* [PROBLEM DESCRIPTION] Without including any images, repeat the data exactly.
===== EXERCISE DATA =====
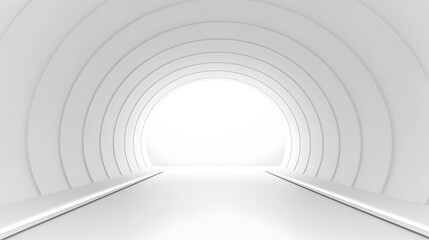 Naklejka premium Abstract White Futuristic Tunnel Architectural Background
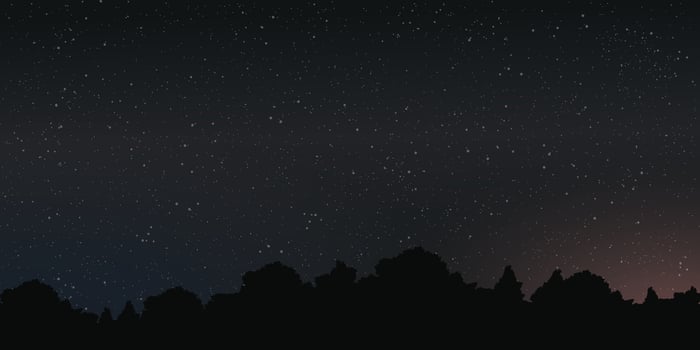 Night sky with a lot of star background have silhouette forest forground vector illustration.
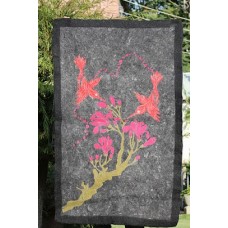 Crewel Rug Birds on Branches Red and Pinks on Grey Chain Stitched Wool Rug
=====
* [EXPECTED ANSWER]
 Naklejka premium Abstract White Futuristic Tunnel Architectural Background
 Night sky with a lot of star background have silhouette forest forground vector illustration.
 Crewel Rug Birds on Branches Red and Pinks on Grey Chain Stitched Wool Rug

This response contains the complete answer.